Disputation: Thomas Zengaffinen-Morris
Doctoral candidate Thomas Zengaffinen-Morris at the Department of Mathematics, Faculty of Mathematics and Natural Sciences, is defending the thesis Influence of Submarine Landslide Failure and Flow on Tsunami Genesis for the degree of Philosophiae Doctor.
Doctoral candidate Thomas Zengaffinen-Morris
The University of Oslo is closed. The PhD defence and trial lecture will therefore be fully digital and streamed directly using Zoom. The host of the session will moderate the technicalities while the chair of the defence will moderate the disputation.
Ex auditorio questions: the chair of the defence will invite the audience to ask questions ex auditorio at the end of the defence. If you would like to ask a question, click 'Raise hand' and wait to be unmuted.
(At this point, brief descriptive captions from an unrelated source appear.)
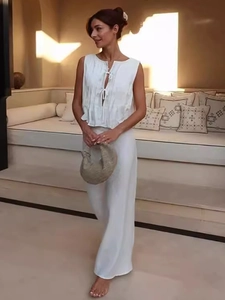Women's white sleeveless pleated set with wide-leg trousers for casual summer vacation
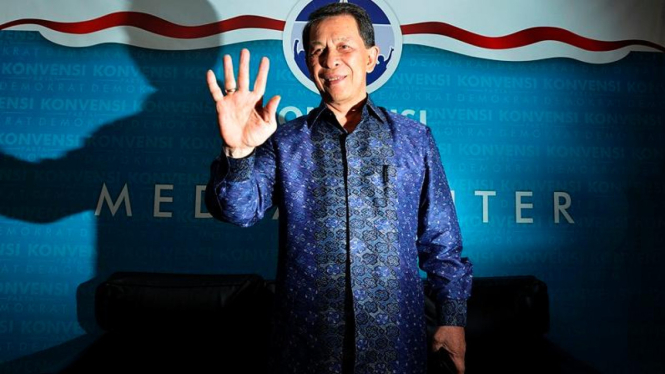 Gubernur Sulawesi Utara Sinyo H Sarundajang
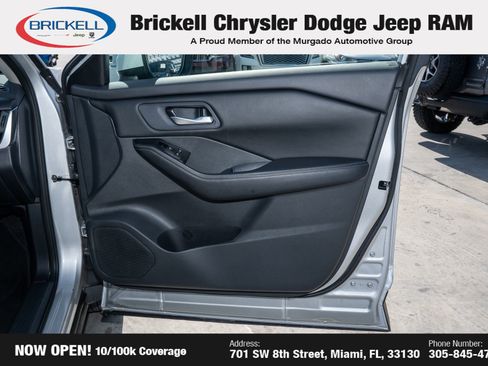 Used 2025 Nissan Rogue SV image 13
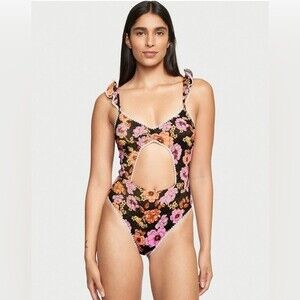 VICTORIA'S SECRET Ruffle One-Piece Swimsuit with Crochet Trim New Size XS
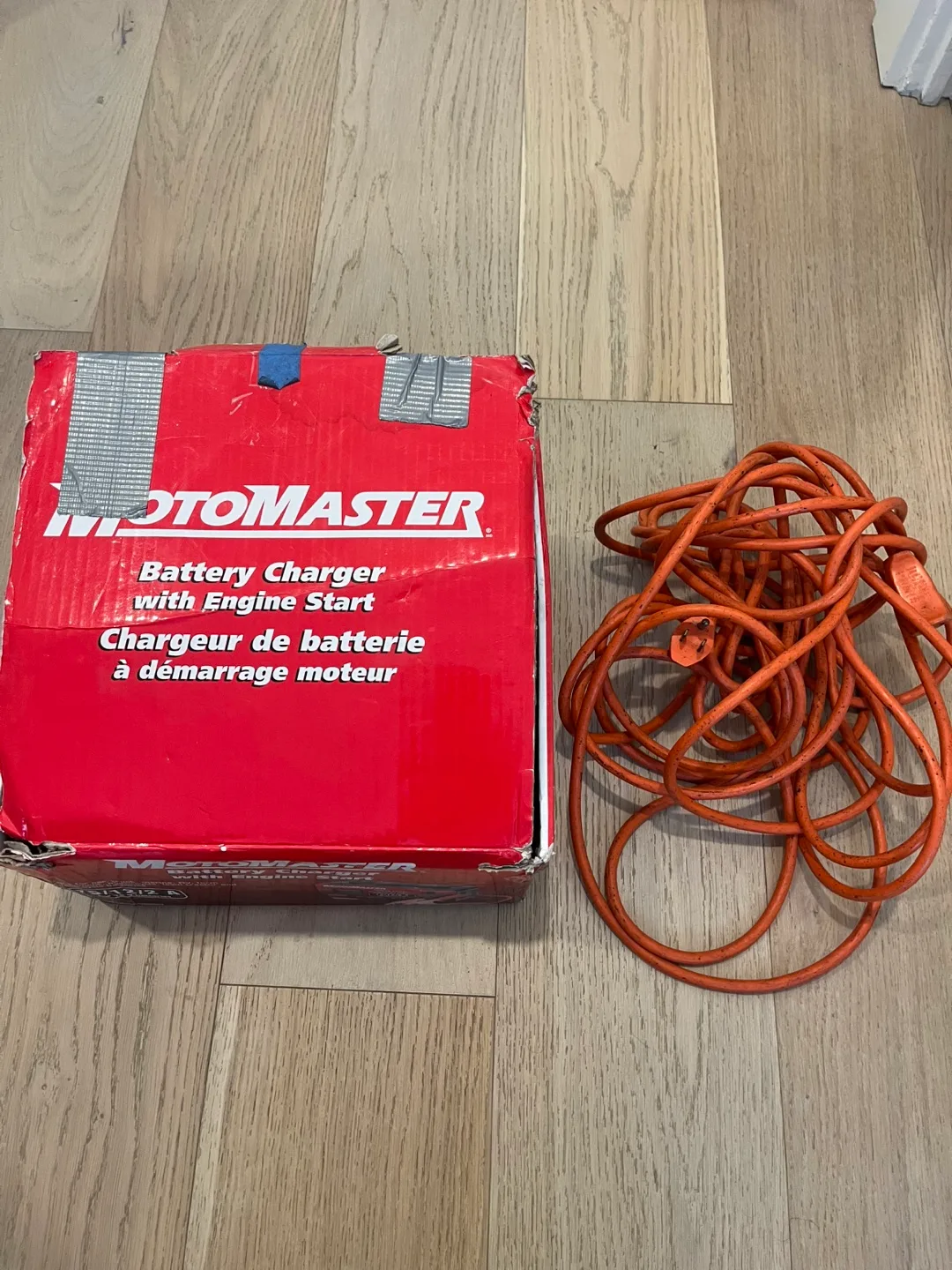 Motomaster 75/12/2 A Battery Charger with Engine Start image indicator(5)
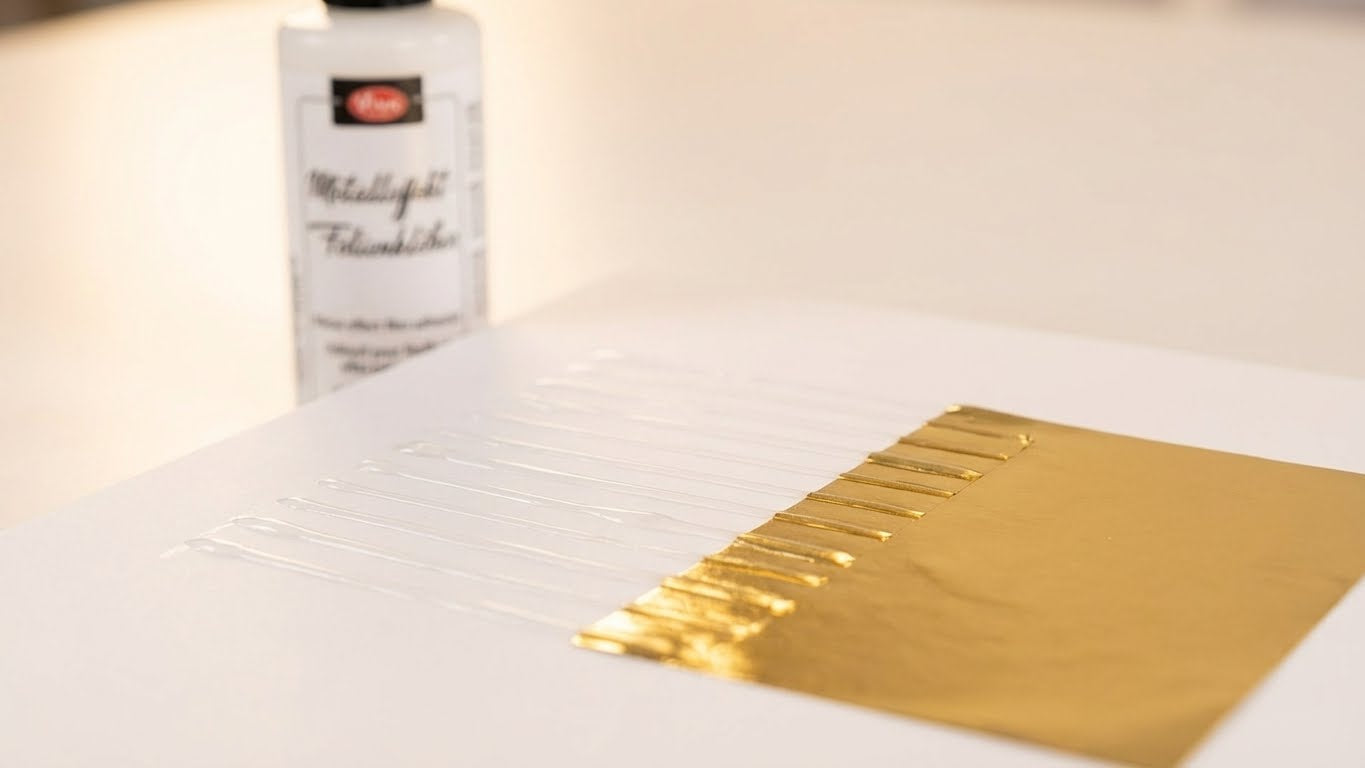 Transparent auftrocknender Metalleffekt-Folienkleber für saubere Linien, Schriftzüge und detailgenaue Designs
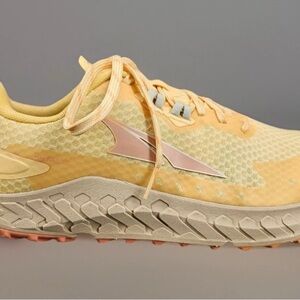 Altra Outroad Women’s Size 8 Yellow Orange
- The webinar opens for participation just before the disputation starts, participants who join early will be put in a waiting room.
Main research findings
Submarine mass movements are important sources for tsunamis with potential destructive consequences at coastlines. A famous example from historical records is, for instance, the 1929 Grand Banks tsunami in Canada. This tsunami of several meters' height hit, among other coasts, the south coast of Newfoundland. The event resulted in fatalities and destroyed homes. This doctoral thesis aims to relate the properties of submarine mass movements to tsunami genesis. Thereby, we apply a numerical landslide model that treats the mass movement as a deformable fluid. The main research finding is that the tsunami genesis is sensitive to, among other parameters, the initial yield strength of the mass. The lower the initial yield strength, the larger the velocity and acceleration, which induces a larger maximum tsunami height. The work of this thesis is important, because a better understanding of the physical processes that drive the tsunami genesis can bring prognostic tsunami modelling a step forward.